Directions
Output only the lines of the entries that follow, starting at the one with "2026 Volkswagen Golf" and running down to the one with "Wife's hot pooping asshole", both included and unchanged.

(Entries provided begins)

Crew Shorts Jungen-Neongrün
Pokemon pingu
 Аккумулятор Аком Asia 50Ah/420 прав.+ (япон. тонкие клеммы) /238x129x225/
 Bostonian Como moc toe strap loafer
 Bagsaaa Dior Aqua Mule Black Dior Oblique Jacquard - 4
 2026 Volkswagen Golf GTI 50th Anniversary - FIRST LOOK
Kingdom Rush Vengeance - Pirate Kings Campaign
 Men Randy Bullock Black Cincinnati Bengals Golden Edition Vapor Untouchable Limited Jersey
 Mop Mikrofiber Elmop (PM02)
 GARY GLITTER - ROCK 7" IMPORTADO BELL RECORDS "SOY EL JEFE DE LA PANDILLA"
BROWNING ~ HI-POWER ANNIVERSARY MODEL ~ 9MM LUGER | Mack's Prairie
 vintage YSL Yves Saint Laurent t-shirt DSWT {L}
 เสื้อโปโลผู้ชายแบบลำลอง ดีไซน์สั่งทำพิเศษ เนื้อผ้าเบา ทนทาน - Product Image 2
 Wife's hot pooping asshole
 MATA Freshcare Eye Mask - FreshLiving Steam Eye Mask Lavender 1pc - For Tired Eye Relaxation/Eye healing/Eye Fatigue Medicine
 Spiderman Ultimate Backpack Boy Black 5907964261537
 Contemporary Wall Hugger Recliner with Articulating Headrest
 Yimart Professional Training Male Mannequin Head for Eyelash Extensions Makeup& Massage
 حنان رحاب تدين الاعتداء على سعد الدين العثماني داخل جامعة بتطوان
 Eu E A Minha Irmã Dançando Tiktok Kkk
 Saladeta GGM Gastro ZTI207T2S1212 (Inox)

(Entries provided ends)

Exercise output
 2026 Volkswagen Golf GTI 50th Anniversary - FIRST LOOK
Kingdom Rush Vengeance - Pirate Kings Campaign
 Men Randy Bullock Black Cincinnati Bengals Golden Edition Vapor Untouchable Limited Jersey
 Mop Mikrofiber Elmop (PM02)
 GARY GLITTER - ROCK 7" IMPORTADO BELL RECORDS "SOY EL JEFE DE LA PANDILLA"
BROWNING ~ HI-POWER ANNIVERSARY MODEL ~ 9MM LUGER | Mack's Prairie
 vintage YSL Yves Saint Laurent t-shirt DSWT {L}
 เสื้อโปโลผู้ชายแบบลำลอง ดีไซน์สั่งทำพิเศษ เนื้อผ้าเบา ทนทาน - Product Image 2
 Wife's hot pooping asshole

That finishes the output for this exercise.